Sun Yan V, Jacobsen Douglas M, Turner Stephen T, Boerwinkle Eric, Kardia Sharon L R
Department of Epidemiology, School of Public Health, University of Michigan, Ann Arbor, Michigan.
Comput Stat Data Anal. 2009 Mar 15;53(5):1794-1801. doi: 10.1016/j.csda.2008.04.013.
In order to take into account the complex genomic distribution of SNP variations when identifying chromosomal regions with significant SNP effects, a single nucleotide polymorphism (SNP) association scan statistic was developed.

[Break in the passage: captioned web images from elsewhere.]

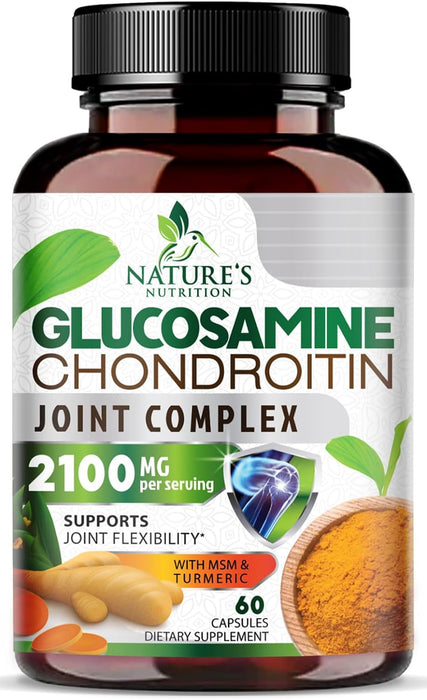 Glucosamine Chondroitin MSM Complex - Joint Support Supplement Turmeric & Boswellia, Triple Strength Glucosamine Capsules - Support for Joint Health & Mobility with Quercetin Bromelain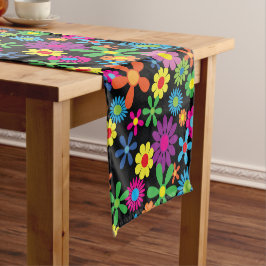 Retro Bloemen Power Tafel Runner Korte Tafelloper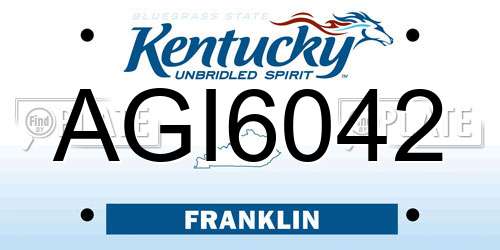 AGI6042 Kentucky License Plate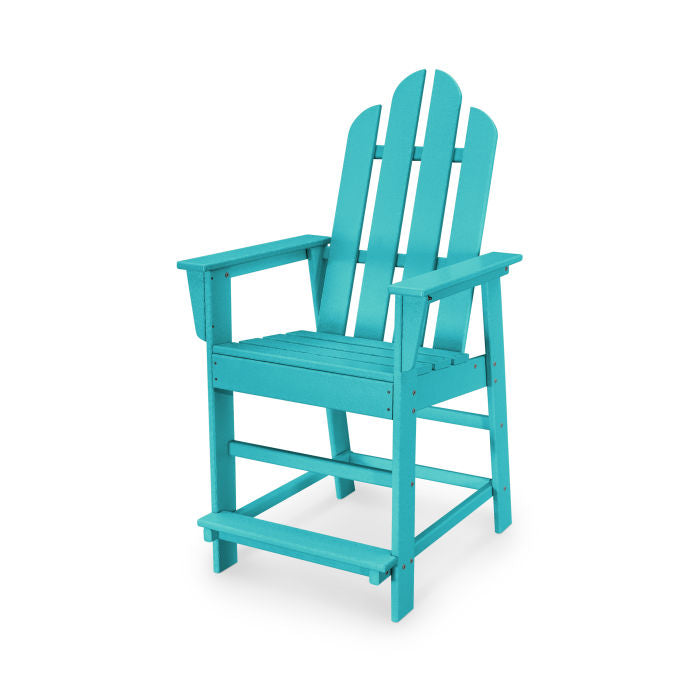 POLYWOOD Long Island Counter Height Chair - Durable Outdoor & Indoor Bar Stool for Kitchen, Patio, Deck - Weather-Resistant Recycled Plastic - Comfortable Back Support - Perfect for Dining & Entertaining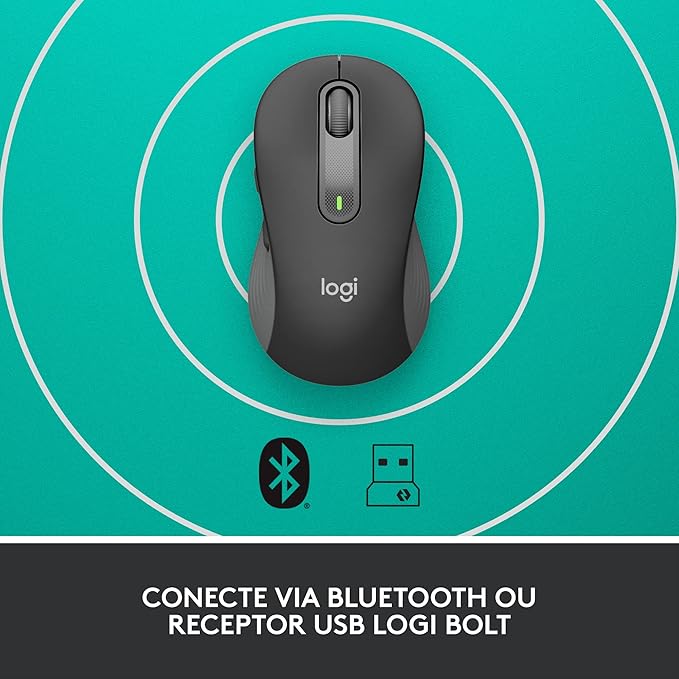 Logitech Signature M650 L Full Size Wireless Mouse - for Large Sized Hands, 2-Year Battery, Silent Clicks, Customizable Side Buttons, Bluetooth, Multi-Device Compatibility (Graphite)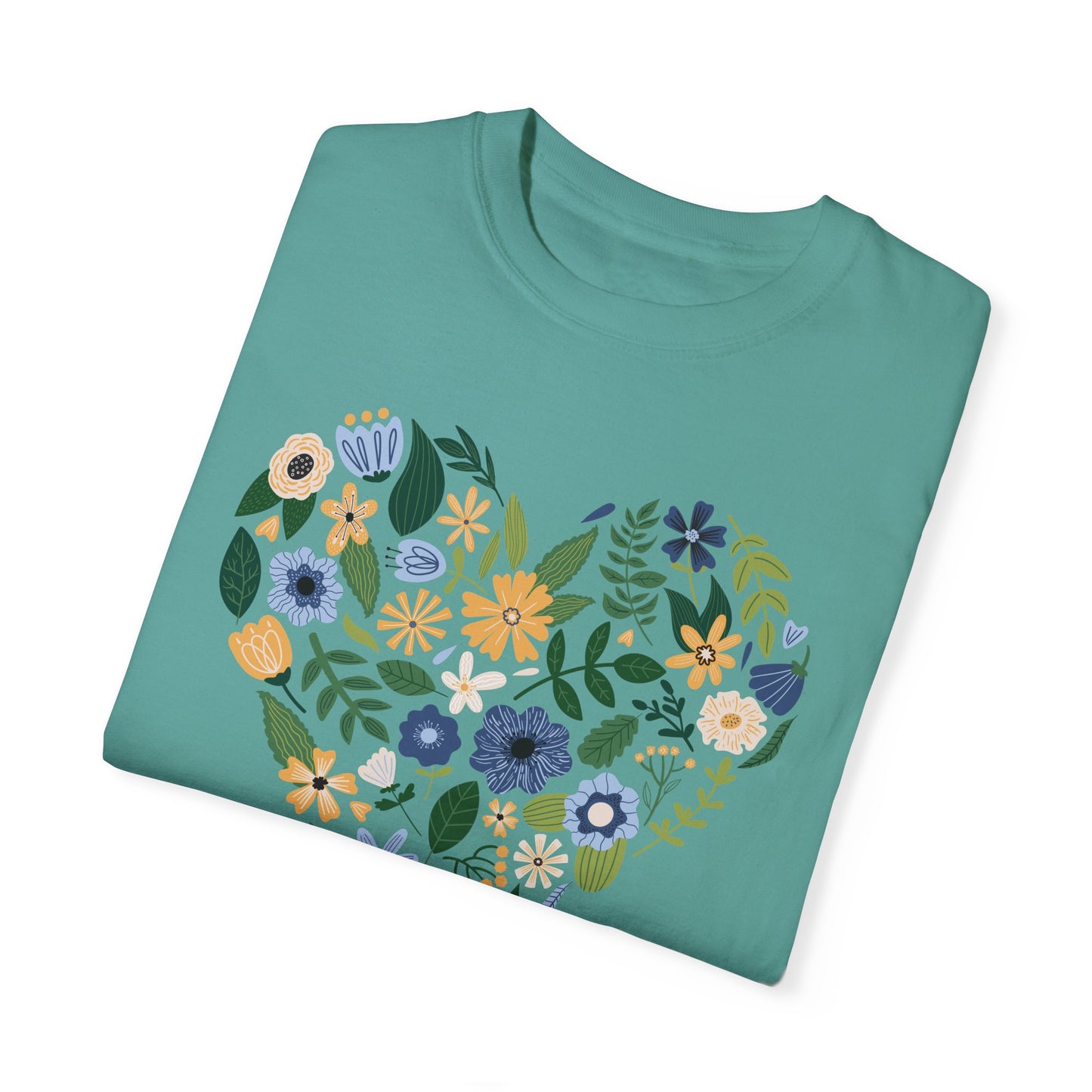 Blue Flowers Heart - Comfort Colors Shirt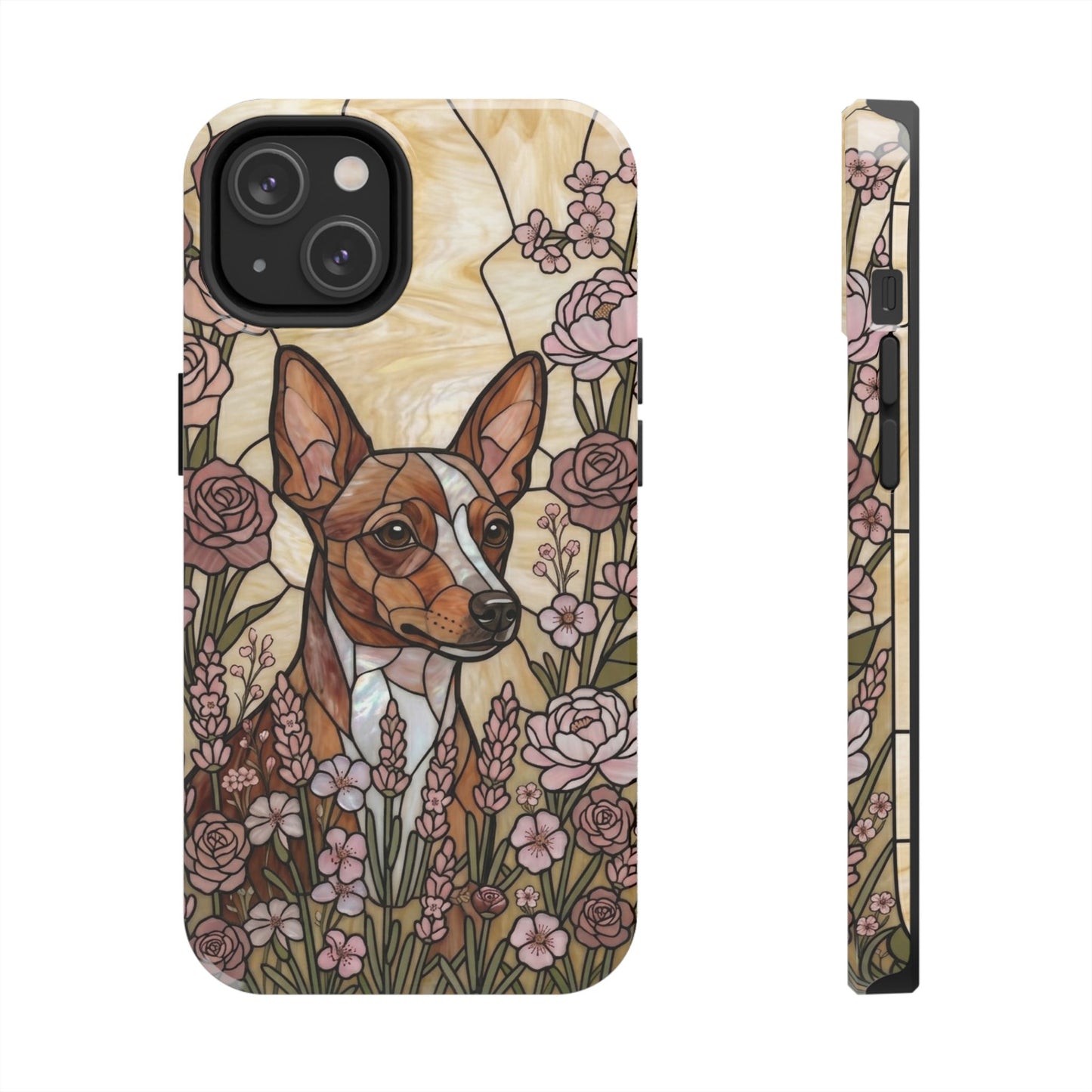 Mini Pinscher Stained Glass Style Tough Case — Rose Garden Theme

To address the computational needs of genome wide association (GWA) studies, a fast Java application, which combines single-locus SNP tests and a scan statistic for identifying chromosomal regions with significant clusters of significant SNP effects, was developed and implemented. To illustrate this application, SNP associations were analyzed in a pharmacogenomic study of the blood pressure lowering effect of thiazide-diuretics (N=195) using the Affymetrix Human Mapping 100K Set. 55,335 tagSNPs (pair-wise linkage disequilibrium R(2)<0.5) were selected to reduce the frequency correlation between SNPs. A typical workstation can complete the whole genome scan including 10,000 permutation tests within 3 hours. The most significant regions locate on chromosome 3, 6, 13 and 16, two of which contain candidate genes that may be involved in the underlying drug response mechanism. The computational performance of ChromoScan-GWA and its scalability were tested with up to 1,000,000 SNPs and up to 4,000 subjects. Using 10,000 permutations, the computation time grew linearly in these datasets. This scan statistic application provides a robust statistical and computational foundation for identifying genomic regions associated with disease and provides a method to compare GWA results even across different platforms.
为了在识别具有显著单核苷酸多态性(SNP)效应的染色体区域时考虑SNP变异的复杂基因组分布,开发了一种单核苷酸多态性(SNP)关联扫描统计量。为满足全基因组关联(GWA)研究的计算需求,开发并实现了一个快速Java应用程序,该程序结合了单基因座SNP测试和一种扫描统计量,用于识别具有显著SNP效应簇的染色体区域。为说明此应用程序,在一项使用Affymetrix Human Mapping 100K Set进行的噻嗪类利尿剂降压效果的药物基因组学研究(N = 195)中分析了SNP关联。选择了55,335个标签SNP(成对连锁不平衡R(2)<0.5)以降低SNP之间的频率相关性。一台典型的工作站可以在3小时内完成包括10,000次置换检验的全基因组扫描。最显著的区域位于3号、6号、13号和16号染色体上,其中两个区域包含可能参与潜在药物反应机制的候选基因。使用多达1,000,000个SNP和多达4,000名受试者对ChromoScan-GWA的计算性能及其可扩展性进行了测试。使用10,000次置换,在这些数据集中计算时间呈线性增长。这种扫描统计量应用程序为识别与疾病相关的基因组区域提供了强大的统计和计算基础,并提供了一种即使在不同平台之间比较GWA结果的方法。